LA UTORA

Un naufragio vivido en carne propia

Julia Santibáñez. *Esta columna expresa el punto de vista de su autor, no necesariamente de La Razón
Julia Santibáñez. *Esta columna expresa el punto de vista de su autor, no necesariamente de La Razón Foto: larazondemexico

Entramos al oleaje, irresponsables. La barcaza de durmientes marchitos recibió el equipaje: los poemas, el viejo mapa, la garrafa de agua. Pronto la playa se perdió a lo lejos.

Yo me vestía sólo con tus ojos. Mi pelo te halagaba el futuro. Nada más debía ser necesario para encarar tormentas y dragones, nos dijimos: es suficiente si ataca algún diluvio insospechado, un cetáceo, corsarios o gaviotas antes de vislumbrar aquella isla. Sobrados, pródigos, creímos en el auspicio del bamboleo leve: nos dimos a besarnos sin cautela, dejando el lanchón a su albedrío. Luego, entrelazando pies adormidos, ¿qué huracán vendría? ¿Qué furia alada? Al volver de la refriega de amor, escocida la piel, inauguramos más fiestas del abrazo. Qué soberbia: de cuatro sorbos apuré el agua, nunca entreabriste el libro de poemas, el mapa se perdió, no hubo isla. La tormenta vino tras el ocaso, cuando el frío calaba a la deriva. Quisimos huir juntos. No hubo tiempo. Las pleamares contrarias se impusieron y, en una confusión de asfixia negra, el mar nos escupió lejos de todo. Uno lejos de la orilla del otro.

Son náufragos de espuma y de obsesión, un caos de vértigo, estos dos cuerpos. Ni siquiera se atreven a buscarse, bocas de sangre que aún recuerdan.

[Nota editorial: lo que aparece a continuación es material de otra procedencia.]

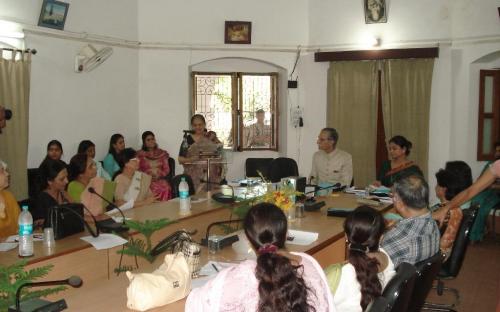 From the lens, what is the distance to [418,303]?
2.77 meters

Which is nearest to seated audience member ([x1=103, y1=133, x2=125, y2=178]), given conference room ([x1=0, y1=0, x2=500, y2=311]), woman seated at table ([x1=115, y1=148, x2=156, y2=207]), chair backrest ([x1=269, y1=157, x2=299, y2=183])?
conference room ([x1=0, y1=0, x2=500, y2=311])

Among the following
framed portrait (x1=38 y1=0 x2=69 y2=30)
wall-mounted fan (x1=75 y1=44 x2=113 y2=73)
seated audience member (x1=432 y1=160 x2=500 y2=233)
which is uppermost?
framed portrait (x1=38 y1=0 x2=69 y2=30)

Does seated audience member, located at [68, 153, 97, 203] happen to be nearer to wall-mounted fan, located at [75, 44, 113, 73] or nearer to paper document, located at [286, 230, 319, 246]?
paper document, located at [286, 230, 319, 246]

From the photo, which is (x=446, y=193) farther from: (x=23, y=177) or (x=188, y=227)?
(x=23, y=177)

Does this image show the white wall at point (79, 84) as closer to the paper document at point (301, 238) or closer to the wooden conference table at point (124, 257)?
the wooden conference table at point (124, 257)

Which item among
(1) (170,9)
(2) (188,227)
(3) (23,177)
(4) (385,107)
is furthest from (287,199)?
(1) (170,9)

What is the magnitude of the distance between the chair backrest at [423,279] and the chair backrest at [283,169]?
3.61 m

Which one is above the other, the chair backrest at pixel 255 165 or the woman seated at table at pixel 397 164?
the woman seated at table at pixel 397 164

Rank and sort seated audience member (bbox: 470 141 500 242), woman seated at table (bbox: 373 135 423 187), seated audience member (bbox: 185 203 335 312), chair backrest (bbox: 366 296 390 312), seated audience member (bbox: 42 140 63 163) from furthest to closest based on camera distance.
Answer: seated audience member (bbox: 470 141 500 242), seated audience member (bbox: 42 140 63 163), woman seated at table (bbox: 373 135 423 187), chair backrest (bbox: 366 296 390 312), seated audience member (bbox: 185 203 335 312)

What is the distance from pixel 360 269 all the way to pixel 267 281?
25.3 inches

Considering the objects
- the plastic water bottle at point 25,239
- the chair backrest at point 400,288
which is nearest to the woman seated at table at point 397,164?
the chair backrest at point 400,288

De bruces, en compacta soledad, desbaratados entre la arena, qué decirse ahora. Cuánto pesar.

***

Escribo porque busco entender lo que me pasa: ante emociones gustosas, siempre el primer impulso es mirarlas. Volcarlas en palabras. Así se me han tatuado en la costilla, con mejor o con peor puntería, tirites de poesía, terneza, amores, aciertos. Me han dejado marcas en la hondura más encubierta. Por contraste, también me ha urgido el lápiz, el lápiz por delante, al drenar muerte, astillas, cemento, desconsuelo, culpa, dolor, puñal, ruina, dolor. A veces les adorno el aspecto, aquella catadura ruda, aunque prefiero convocarlos por su nombre, como la separación de pareja que atravieso en estos días. Agreste. Y sí, también digo la gratitud por los treinta y dos meses de la mano. Aunque nunca se terminó el deseo, nos fue claro que las necesidades de cada uno demandan su tiempo. Seguir juntos implicaba sumar cuentas pendientes, reclamos de bilis. Decidimos poner punto final.

La ficción con que empiezo esta columna da cuenta de cómo a veces una historia de pareja, de dos locos que se meten al océano sólo con sus ganas, finaliza con ambos roídos por la sal, la sed, el sol, aunque se repiten: valió la pena cada minuto transcurrido antes del resquebrajamiento del naufragio.

“Aquí están mis sentidos / de red afortunada, / mi corazón, lugar de las hogueras, / y mi cuerpo que siempre me acompaña”, bien subrayó Rosario Castellanos. Vuelvo a estos versos para recordar que no soy la primera en abismarme. Corrí el riesgo. Implica que estoy viva.